Is it true that you can test whether your pasta is cooked by throwing it against the wall to see if it sticks?  If it is, then it sounds just a bit like teaching (and parenting).  We toss things out there to our students and kids and hope that the timing is just right and it “sticks.”  Education is a lot more complex than cooking pasta, but at Edmonton Christian Schools  we hope that our learners will have experiences here  that will stick with them as they graduate and that they will be challenged to continue living into God’s story.


Peter Barzilay, who is now a in the fourth year of a five year Engineering co-op program at the U of A,  was a grade 9 student in Mr. VanRy’s Social Studies class in 2009.  In their study of market economies, he and his classmates established some “businesses” in the school for a few weeks to experience the “invisible hand of the market” and the rigours of running a business.  “Pete’s Pit Stop” netted Peter and each of his business partners about $30 profit.  When this learning activity ended, the students were challenged (not forced) to consider using whatever small profits they made, in God’s story of stewardship, rather than in the dominant culture’s story of consumerism. They were invited to use their business profits to alleviate poverty in the developing world through a micro-loan to an organization called KIVA (www.kiva.org).

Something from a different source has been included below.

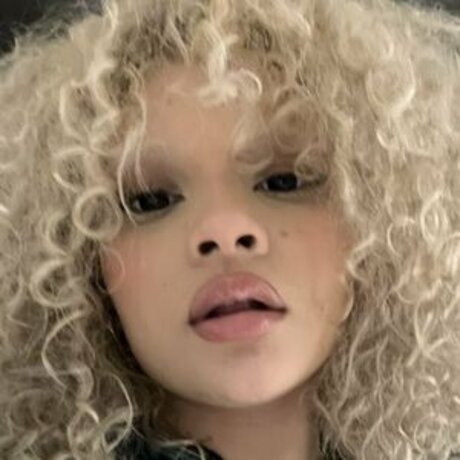 bossymfka アダルトスター 画像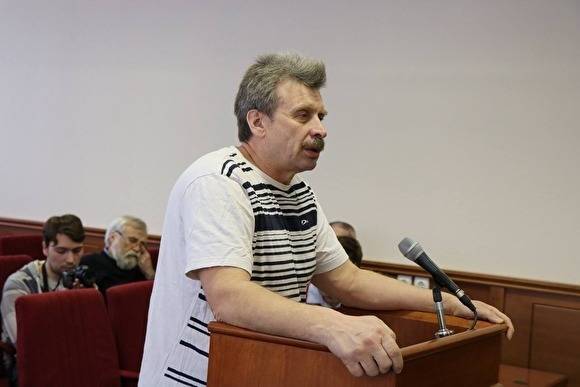 «Пишу на нарах». Организатор митинга против опроса о храме в Екатеринбурге обжаловал арест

[youtube https://www.youtube.com/watch?v=lSN2WdqXwfc?rel=0]

“[Mr] VanRy planted that seed . . .he planted a lot of seeds that year,” Peter shared.  “Obviously that’s what a teacher can do and and it’s up to us to take ownership of those things.”

palestine

Credit:World News Daily Report

And take ownership of it, Peter did. “Recently I loaned to a business in the Gaza Strip for a company doing bike manufacture or repair.”  In his years since grade 9, Peter has made 20  micro-loans to KIVA and he currently has 6 active loans.  “What I actually started doing in grade 10 or 11 is donating monthly, ten dollars per month.  I plan to continue that. I like the idea that people in those countries come up with an idea for a business and I am able to support them.”

Peter isn’t the only student whose habits and attitudes were shaped by this activity.  Mark Huitsing who was in grade nine in 2010, also continued his KIVA loans.  “Since then I have made a total of nine $25 loans on Kiva, and I intend to continue doing so for as long as I can.   It’s easy,  it works and actually makes a difference.  I feel called to do this sort of thing as a Christian. “

These are simple stories, and they are just two of many being written in the lives of Edmonton Christian School alumni.  It’s heartwarming–kind of like eating comfort food.  Comfort food like pasta!  And in these cases, I think the pasta is ready!